Un eroe con qualche macchia e qualche paura, ma non per questo meno eroico. Un romanzo di formazione nell’epoca della disinformazione. La ricerca di una dimensione personale (e collettiva) magari antimoderna ma vitale, cosciente del fatto che si può perdere tutto, ma non bisogna perdere se stessi. Ecco Scatto d’orgoglio di Cesare Ferri (Edizioni Settimo Sigillo, pp 194, 18 euro).
L’autore ha unito studio, scrittura e militanza politica a destra: è stato tra i fondatori di Fronte Nazionale con Franco Freda. Nella sua ultima fatica narrativa la trama mette il protagonista, Sandro, uno studente universitario svogliato e quasi rassegnato a inseguire il mito contemporeaneo del soldo, a confronto con se stesso, grazie a una donna più grande di lui, Lavinia.
Attenzione però, non si tratta se non marginalmente di un romanzo d’amore, se mai, come da titolo, di orgoglio; e poi di politica (nel senso ampio e alto di ricerca di un ethos e di un daimon, cioè di un destino). Il contrasto pertinente alla narrazione, nel caso del romanzo di Ferri, è quello tra individuo e società contemporanea con i suoi mostri come il capitalismo finanziario o la nebulosa del potere in grado di inquinare esistenze individuali e rapporti umani.

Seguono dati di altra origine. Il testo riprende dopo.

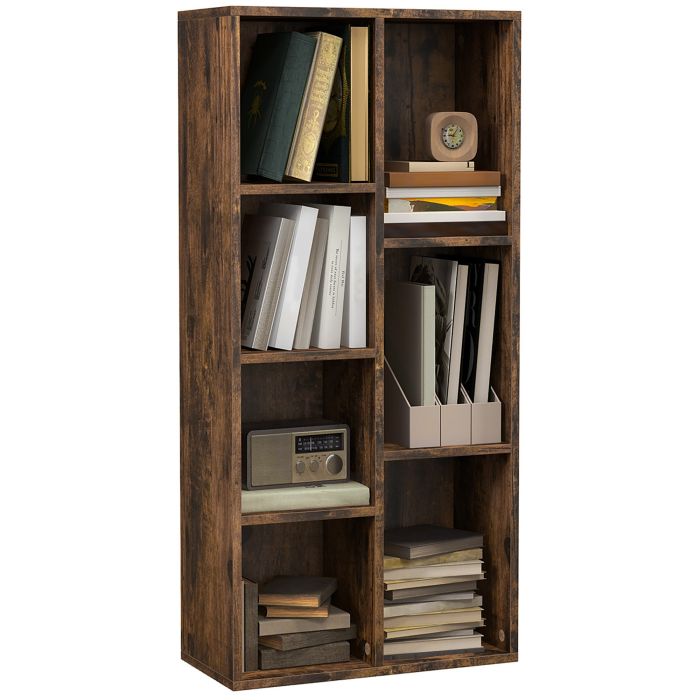 Bookcase Industrial Bookshelf Free Standing Display Cabinet Cube Storage Unit for Home Office Living Room Study Rustic Brown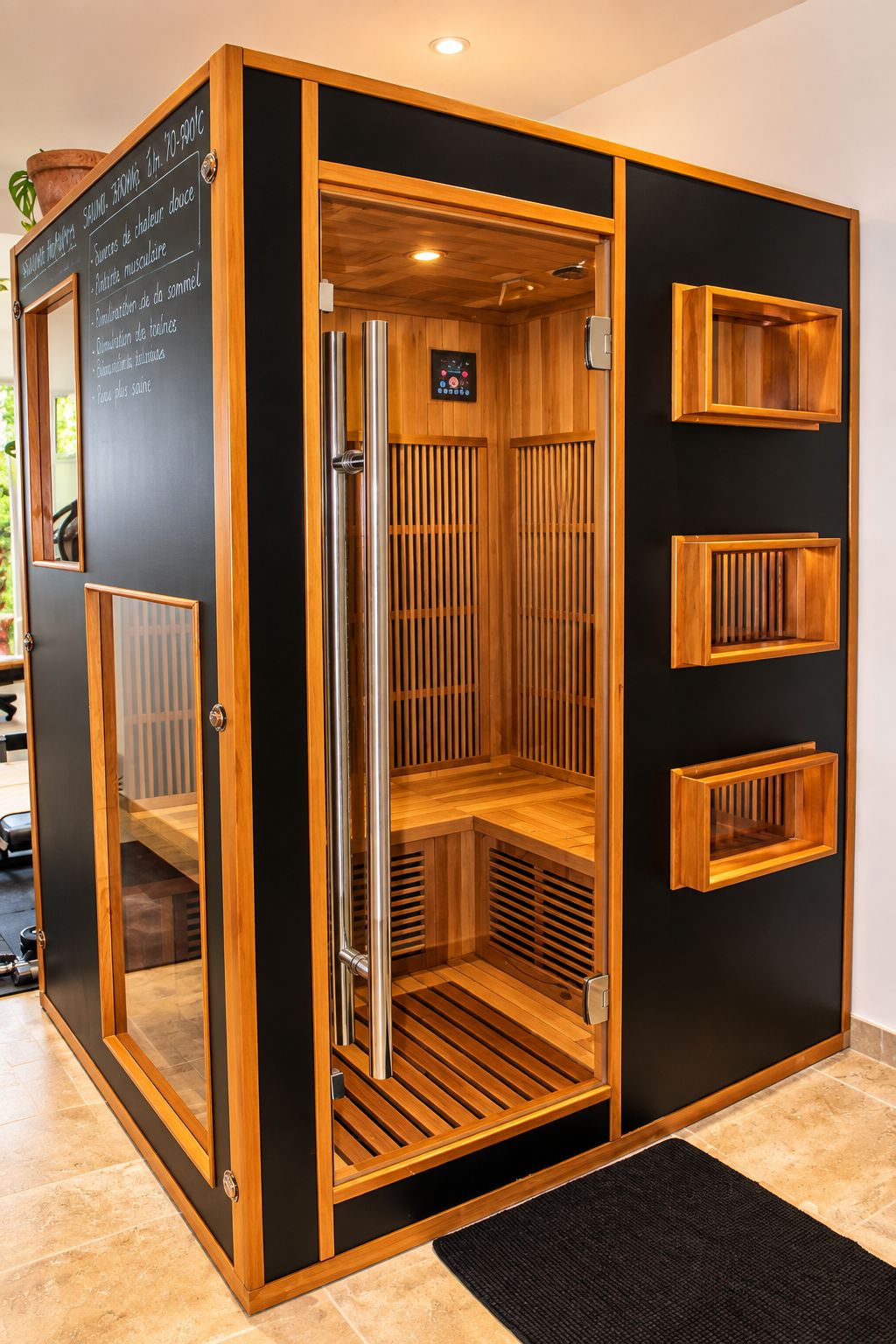 A sauna with a wooden interior, a control panel, and a black exterior.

Resistere vuol dire farsi carico di quella separazione originaria, assumere quel principium individuationis, sapersi dire da soli quei “no” che aiutano a crescere (ecco il bildungsroman, in un’accezione non più postmoderna). In breve coltivare un’aristocrazia dello spirito, trascendere la ragionevolezza forzata “che ci fa vivere come bravi e annoiati bambini”. Assumersi un destino, nell’amore come nella politica. Con tutte le macchie, e le paure, avere comunque il coraggio di decidere.